The investments jumped to about SR469.7 billion by the end of the first quarter of 2020, posting its highest annual and quarterly levels since 2007.
These investments achieved a quarterly growth of 1.8 percent, equivalent to SR8.13 billion, compared to its value at the end of 2019 amounting to SR461.57 billion.
The figures were based on the most recent data available on the SAMA website, the newspaper reported.
Foreign Direct Investments (FDIs) means the movements of international capital that seek to establish, develop, maintain foreign subsidiaries, or foreign ownership in any economy of productive assets such as factories, mines, and land.
The rise in foreign investment ratios globally can be considered as an indicator of increasing economic globalization and global economic integration.

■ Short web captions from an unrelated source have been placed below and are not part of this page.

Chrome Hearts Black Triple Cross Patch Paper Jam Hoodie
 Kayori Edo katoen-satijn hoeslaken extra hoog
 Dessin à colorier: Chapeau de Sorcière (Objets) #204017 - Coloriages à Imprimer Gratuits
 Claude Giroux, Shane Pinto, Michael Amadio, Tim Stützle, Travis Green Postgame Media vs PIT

The annual performance of the value of Saudi FDIs includes investments in all sectors during the period extending from the end of the first quarter of 2019 to the end of the first quarter of 2020, and these investments increased by about 9.5 percent, equivalent to SR40.92 billion.
These investments amounted to SR428.78 billion at the end of the first quarter of 2019.
The FDIs comes as one of the ten main items for Saudi assets, namely FDIs and portfolio investments classified into property rights, shares of investment funds and debt securities, in addition to other investments divided into four sections — commercial credit, loans, currency, deposits and other accounts.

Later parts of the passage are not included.